Saber e não fazer é o mesmo que…
Eduardo Seino e Danilo Forlini
Se fizermos uma busca rápida sobre países que possuem alguma legislação determinando a obrigatoriedade do ensino de temas como cidadania, participação cívica, respeito à diversidade ou educação política, encontraremos diversas leis de diretrizes educacionais. No Chile, por exemplo, a Lei Geral da Educação (Lei nº 20.370/2009) tem como princípio o “respeito à diversidade” e como objetivo do ensino médio o desenvolvimento de conhecimentos, habilidades e atitudes que permitam o exercício da cidadania ativa e a integração na sociedade. Por sua vez, a Lei Orgânica da Educação espanhola (Lei nº 02/2006) prevê, já na educação infantil, o ensino de valores cívicos para a convivência e, posteriormente, uma matéria intitulada “Educação em valores cívicos e éticos”.
No Brasil não é diferente. A Lei de Diretrizes e Bases da Educação Nacional (LDB – Lei Federal nº 9.394/1996) coloca como objetivo da educação o desenvolvimento do educando para: “prática social”, “exercício da cidadania”, “respeito à diversidade humana”, “compreensão do sistema político”. No mesmo sentido, a Base Nacional Curricular Comum (BNCC) estabelece uma competência específica na área de Ciências Humanas e Sociais Aplicadas no ensino médio que visa o exercício da participação cidadã e do debate público, o respeito aos princípios constitucionais e direitos humanos e o conhecimento de conceitos políticos básicos. Parece claro, portanto, que existe reconhecimento institucional sobre a importância de uma formação cidadã específica.
Adicionemos a isto o drama contemporâneo das fake news, abordado em texto anterior[1], que tornou urgentíssima a estruturação de uma estratégia de combate à desinformação em favor da proteção da democracia.
Estabelecida a relevância da pauta, podemos nos perguntar se existem experiências pedagógicas e metodologias aplicáveis a uma “educação para a cidadania”[2]. As iniciativas nesse sentido são muitas[3]. Um exemplo significativo e que pode ser observado em diversos lugares são os projetos “Parlamento Jovem”, usualmente realizados por Escolas do Legislativo em todo o país. Este tipo de projeto, em geral, envolve formação política de jovens, na qual estes têm a oportunidade de elaborar proposituras e simular vivências equivalentes às atividades de vereadores ou deputados. Os projetos de formação cidadã também ocorrem por meio de cursos, oficinas e visitas monitoradas promovidas pelos Poderes Legislativo e Judiciário, especialmente a Justiça Eleitoral.

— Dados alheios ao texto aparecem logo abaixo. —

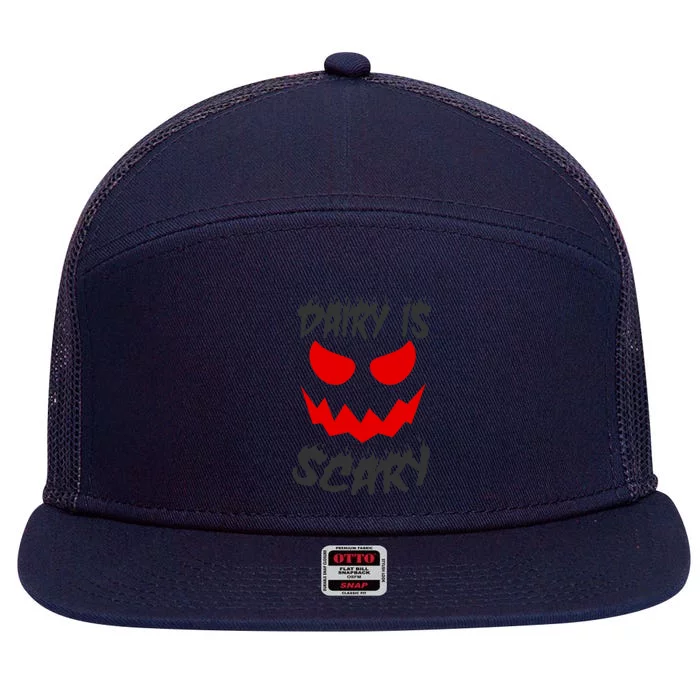 Dairy Is Scary Halloween Scary Face Horror 7 Panel Mesh Trucker Snapback Hat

No Terceiro Setor existem várias instituições que vem desenvolvendo ações de educação para a cidadania, como é o caso do Movimento Voto Consciente[4] e da Fundação Konrad Adenauer, inclusive produzindo materiais que expõem não somente conteúdos de educação política, mas demonstram como foram realizadas experiências exitosas. Na iniciativa privada, algumas empresas patrocinam cursos e palestras de educação política para seus colaboradores. Na universidade, há estudos que discutem metodologias ativas no ensino da cidadania, utilização de jogos teatrais, simulações, debates e uma série de outras possibilidades didáticas para que seja um processo de aprendizagem engajador[5].
No entanto, todas estas iniciativas ainda são tímidas em relação ao seu potencial de alcance. Não podemos esquecer que a democracia também é um conhecimento que precisa ser experimentado na prática a partir das discussões de questões públicas, do exercício da criação e construção coletiva e da possibilidade de interferir nas decisões públicas por meio de instâncias de participação social disponíveis em nossa democracia. Estes elementos, infelizmente, encontram-se distantes da realidade de boa parte dos cidadãos.

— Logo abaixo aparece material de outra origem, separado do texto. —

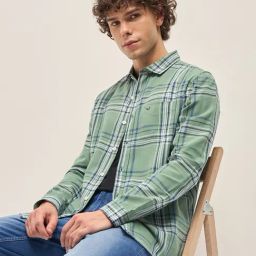 The Bear House Green Cotton Slim Fit Checked Shirt-image-61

O Novo Ensino Médio, apesar de apresentar consideráveis fragilidades na forma como se constitui, abre a possibilidade de se trabalhar a formação cidadã. É possível que as Secretarias Estaduais de Educação (ou até mesmo os professores individualmente) proponham disciplinas inteiras sobre educação política que englobem os temas e conteúdos abordados até aqui. Da mesma forma, as redes municipais de ensino e os Legislativos locais podem firmar parcerias para desenvolver atividades contínuas de educação para a cidadania no âmbito do município. Existem profissionais com experiência e capacidade formativa que podem orientar e metodologias com resultados positivos.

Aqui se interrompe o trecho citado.